--- TASK INPUTS Enclosed Below ---

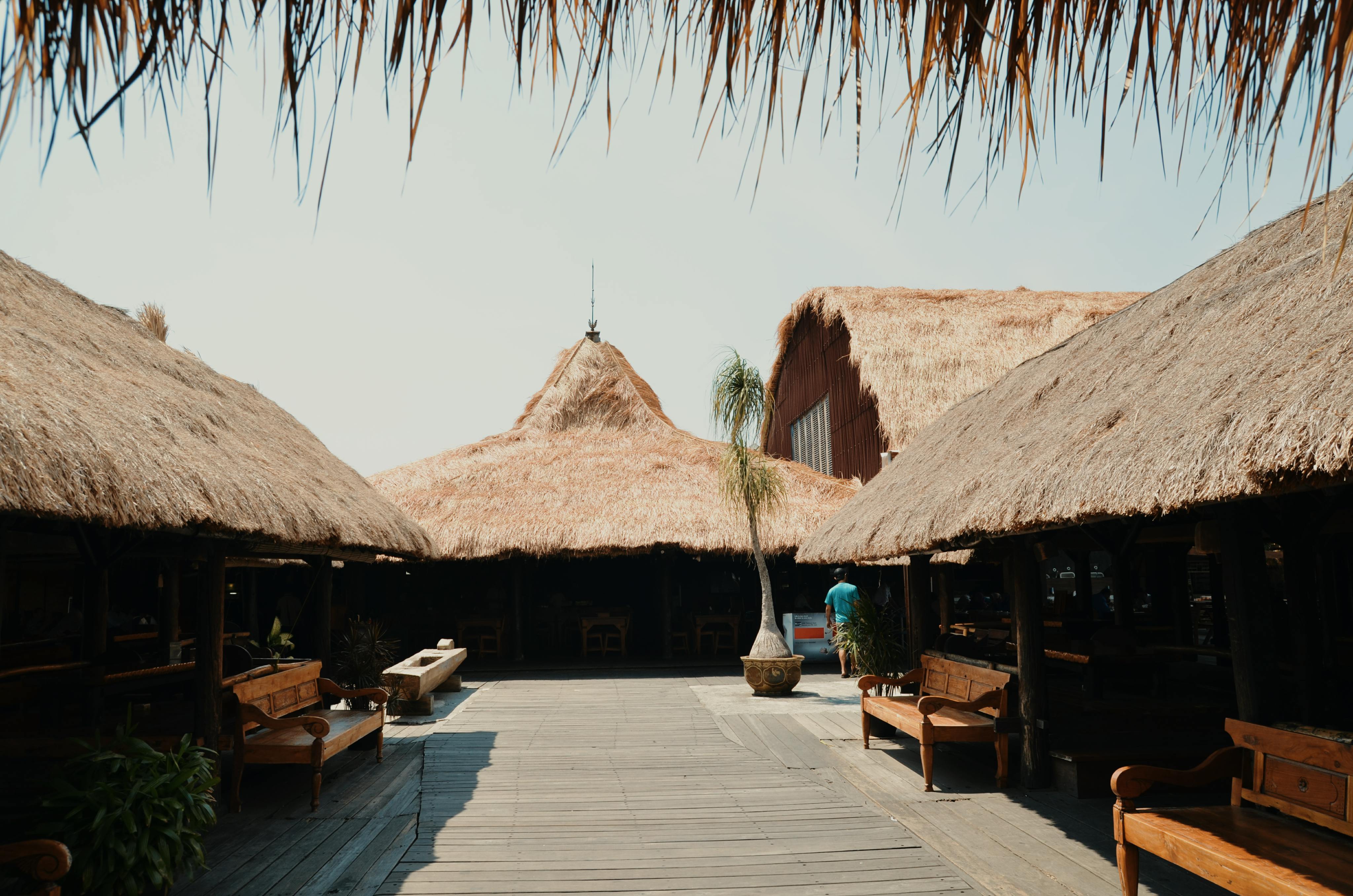 تطوير وقود بديل من زيت النخيل في إندونيسيا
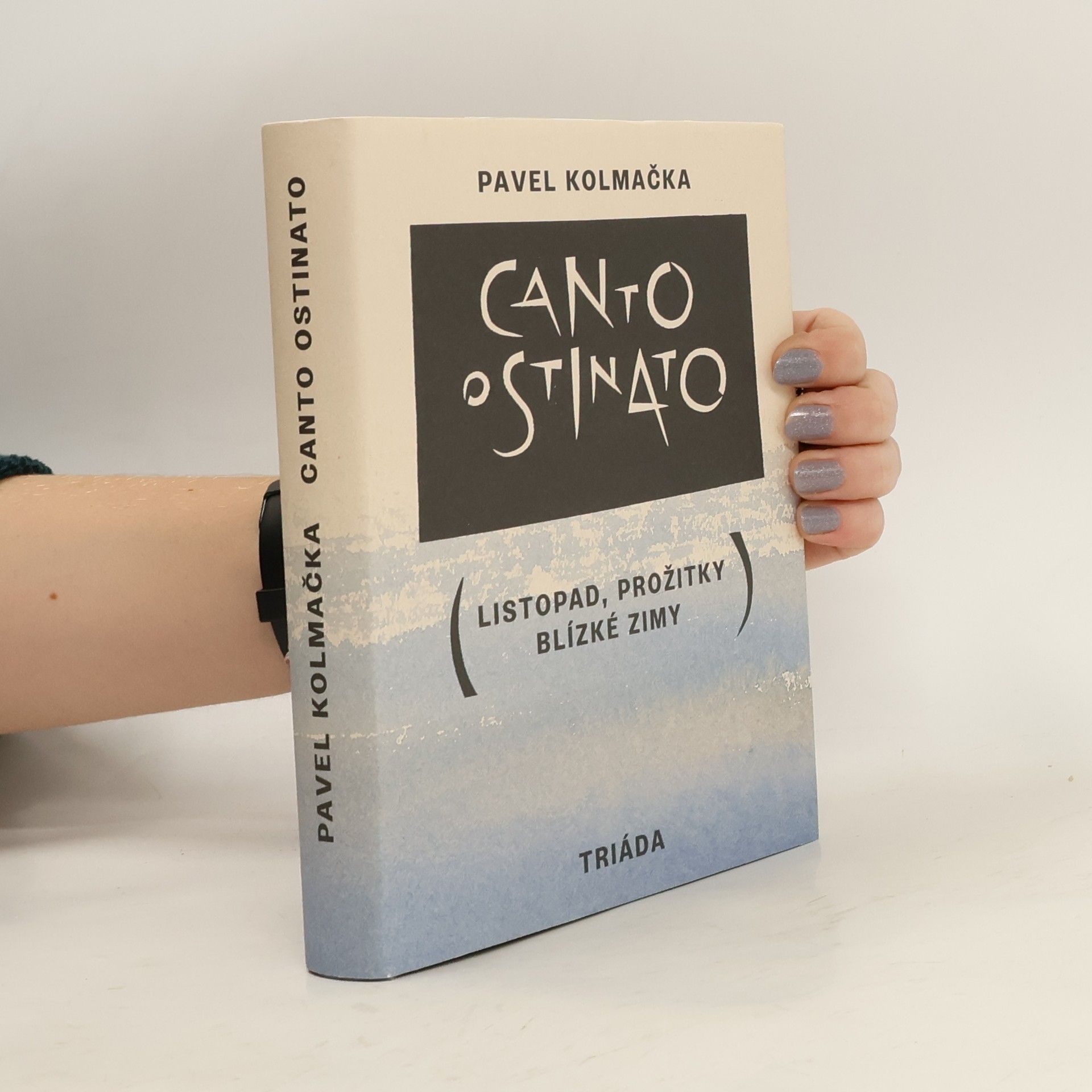 Canto ostinato (Listopad, prožitky blízké zimy)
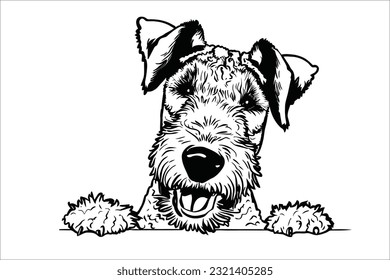 
Experience the endearing moment as an Airedale Terrier peeks with curiosity. This charismatic dog breed captivates hearts with its expressive eyes and playful nature.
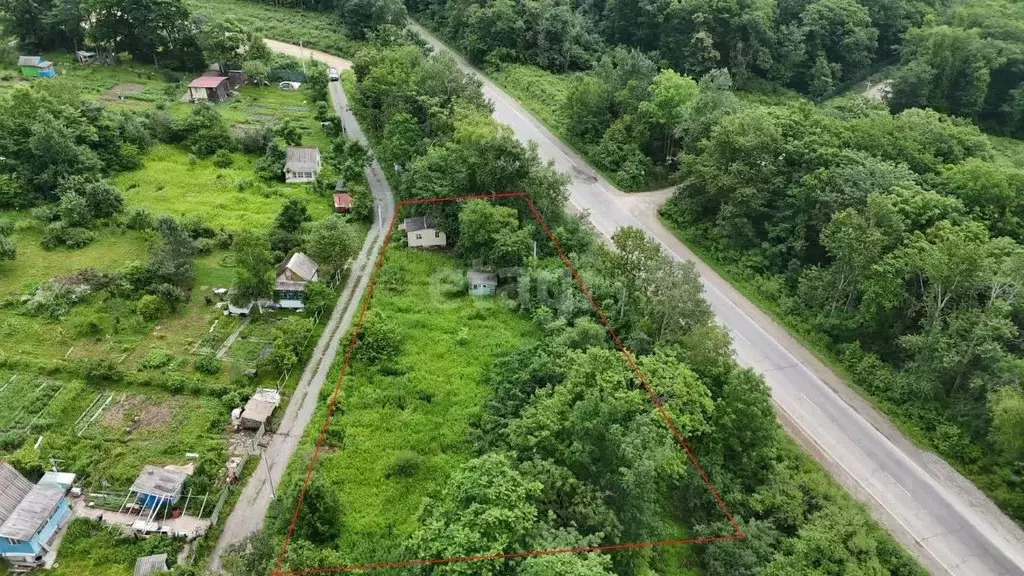 Участок в Приморский край, Надеждинский район, Актинидия СНТ  (10.3 ... - Фото 0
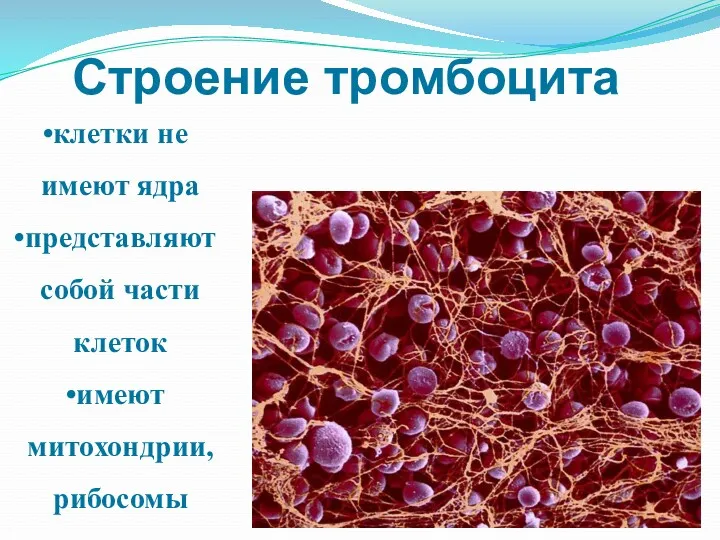 Строение тромбоцита клетки не имеют ядра представляют собой части клеток имеют митохондрии, рибосомы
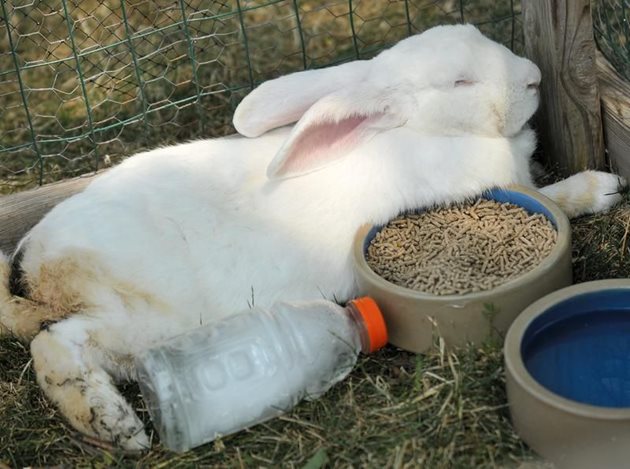 Когато зайците се хранят с гранулиран фураж, потребността от вода за пиене рязко нараства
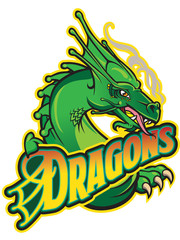 Dragons team mascot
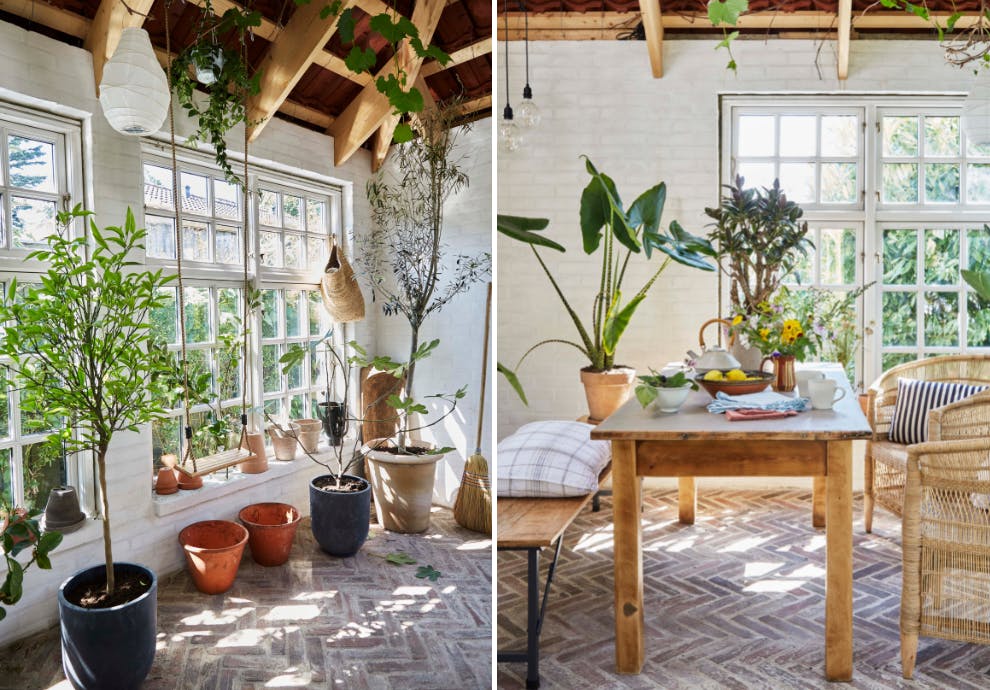 oransjeri vs drivhus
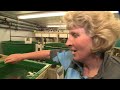 Marine Ecology - Newfoundland and Labrador Canada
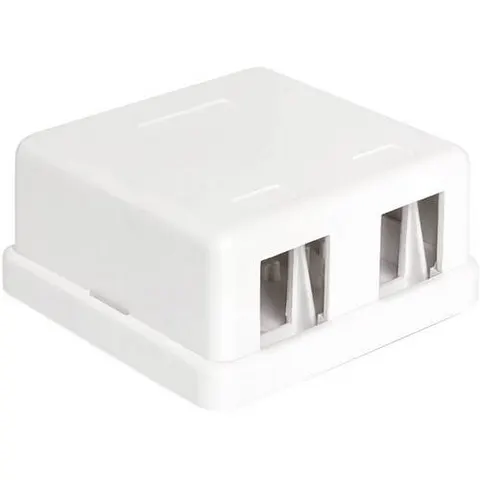 DELOCK 86207 - Delock keystone 2-port empty enclosure – image 1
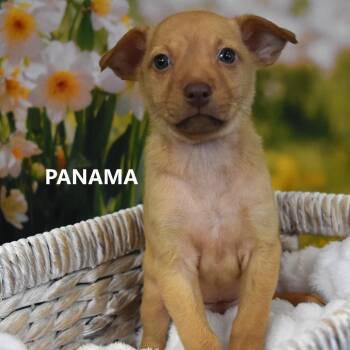 Panama -  Mixed Breed Dog for Adoption in Tempe, Arizona - Panama | PetCurious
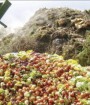 ۳۵ درصد محصولات کشاورزی ایران به ضایعات تبدیل می‌شود
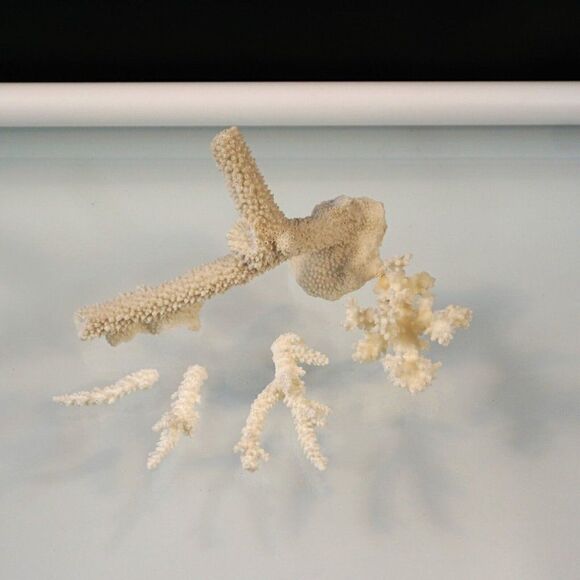 Corals Lot Natural Sea Corals Decorative Display Aquarium - Picture 2 of 6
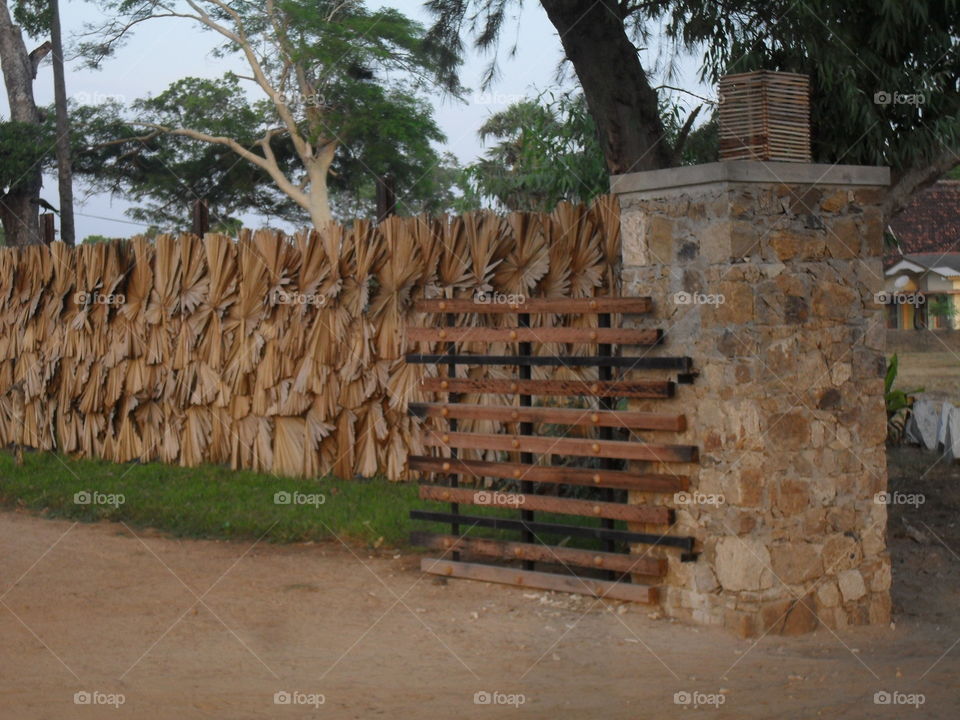 Natural fence in Sri Lanka by the leaves of palmayra tree.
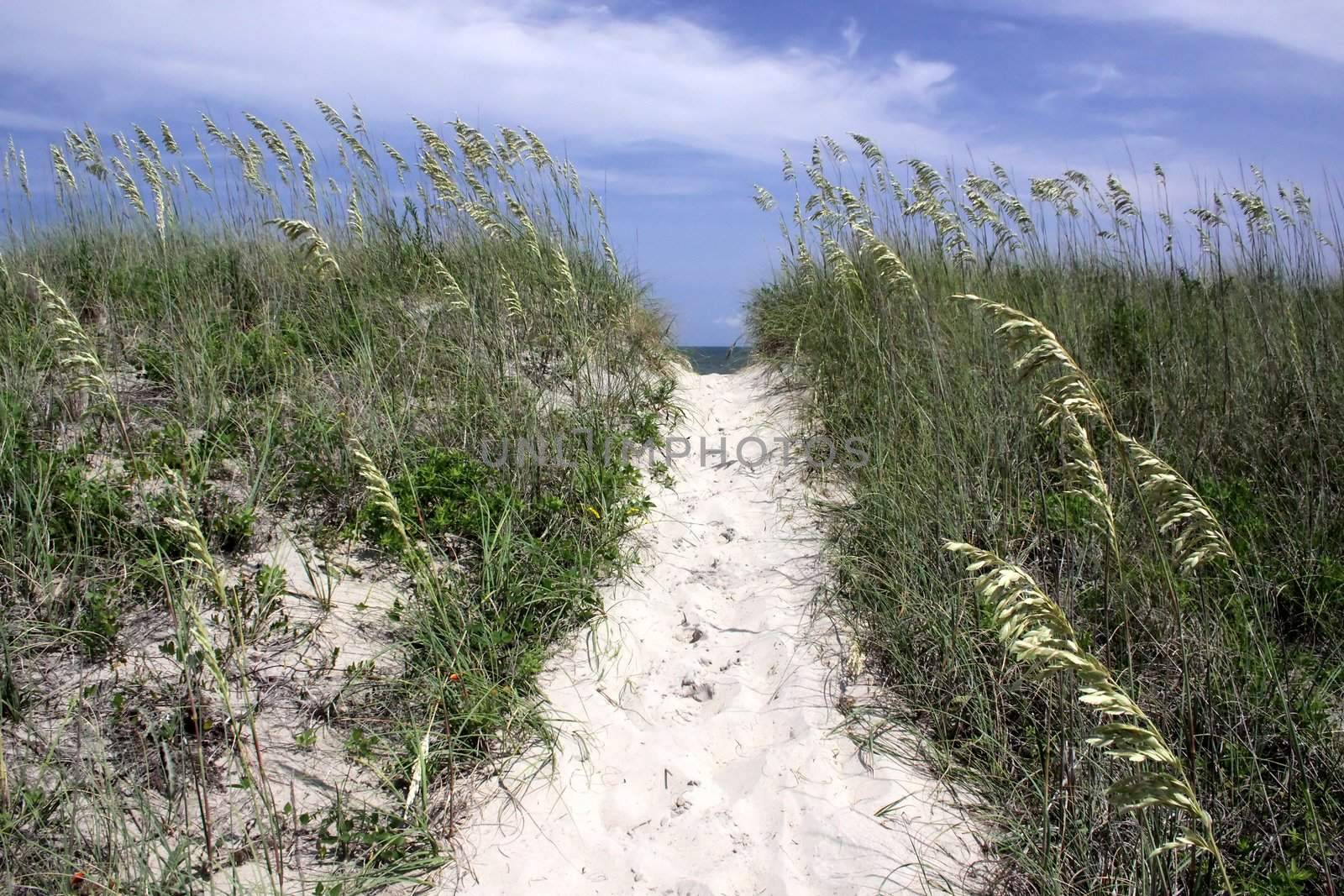 A path to the beach on the Outer Banks, North Carolina, USA.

--- End of Enclosed TASK INPUTS ---

§ INSTRUCTIONS TO FOLLOW
In the copy, include exactly the lines from the one with "Corals Lot Natural" through the final line of the entries above, both ends counted, and no pictures.

§ SOLUTION
 Corals Lot Natural Sea Corals Decorative Display Aquarium - Picture 2 of 6
 Natural fence in Sri Lanka by the leaves of palmayra tree.
 A path to the beach on the Outer Banks, North Carolina, USA.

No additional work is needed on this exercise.